このように、自分の周りの環境が変化し、それに慣れて、適応していかなくてはいけません。

そのほかにも、

  • 過労
  • 病気
  • 生活リズムの乱れ
  • アルコールの飲みすぎ

これらの身体的なストレスからも影響を受けます。

これらのストレスに対して、私たちは不安感情が生じます。

 

予期不安

パニック障害の発作がコントロール不能であり、いつ起こるのかわからないという状態になると、人は不安になります。

このような不安を「予期不安」といい、パニック障害には必ず生じます。

予期不安は、

・電車に乗ったら発作がおきるかもしれない

・部屋から出ると発作が起きるかもしれない

と過剰にアンテナを張り巡らせている状態になっています。

そうすると、軽い身体の変化に対して、発作の前兆なのではないかと過剰に反応してしまうことになります。

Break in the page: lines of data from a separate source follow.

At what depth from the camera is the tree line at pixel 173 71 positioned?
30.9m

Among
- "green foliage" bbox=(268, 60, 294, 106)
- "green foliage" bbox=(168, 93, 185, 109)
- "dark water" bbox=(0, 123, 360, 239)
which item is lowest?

そうすることによって、余計に発作はより起きやすくなり、発作が繰り返し起きやすい状態になっていると言えます。

予期不安が高じてくると、万が一パニックの発作が起きたらすぐに逃げ出せない場所や、助けを求められない状況を恐れ、強く避けるようになります。

例えば、

・通勤の電車内で発作が起きたら逃げられない

・もし、買いもの中になって倒れたらどうしよう

などを考えてしまい、ひとりでは出かけられないようになってしまいます。

すると、家に引きこもることが多くなります。

これを広場恐怖といいます。

パニック障害の方のほとんどが多かれ少なかれ体験します。

これがあると、家事ができなくなったり、仕事を辞めなければならない状況になる場合もあります。

すると、日常生活に支障が出てしまい、何事にも関心や意欲が低下し、うつ状態に陥ることもあります。